The NAO and the Hutton Commission both rejected this approach and said that the test of the long term affordability of public sector pensions is what proportion of GDP future payments will require.

The NAO found that even before the switch to CPI indexation the cost was sustainable:

Government projections suggest that the 2007-08 changes are likely to reduce costs to taxpayers of the pension schemes by £67 billion over 50 years, with costs stabilising at around 1% of Gross Domestic Product (GDP) or 2% of public expenditure. This would be a significant achievement.

Public Accounts Committee, The impact of the 2007-8 changes to public service pensions

Once CPI indexation is taken into account the proportion falls clearly. The Hutton report (chart 1.B) shows that the central projection of future costs (before any further changes) falls from 1.9% of GDP to 1.4% by 2060.

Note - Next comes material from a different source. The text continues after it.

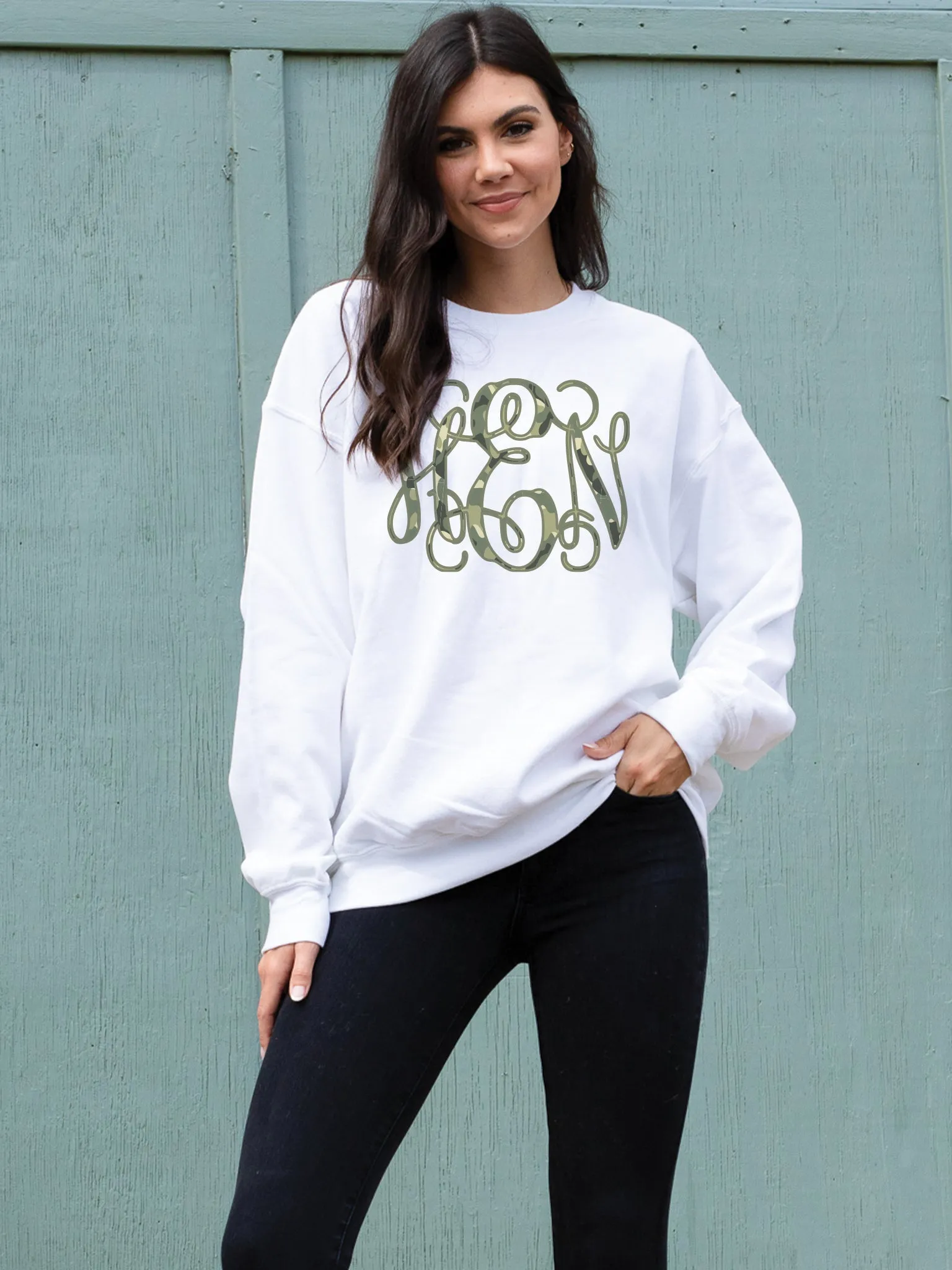 Camo Monogram Sweatshirt - White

Myth 4: The government is protecting the low-paid

In Danny Alexander’s speech on 17 June, he said that the government was proposing to limit the contribution increase to those earning more than £15,000, and to cap the increase paid by those on £15,000 to £18,000 a year at 1.5%. So the Government argues that according to their proposals only those earning over £18,000 will bear the full brunt of the increase and those earning under £15,000 won’t pay any of the increase. But in the briefing issued ahead of the the speech is was clear that these figures were based on ‘full time equivalent’ salaries.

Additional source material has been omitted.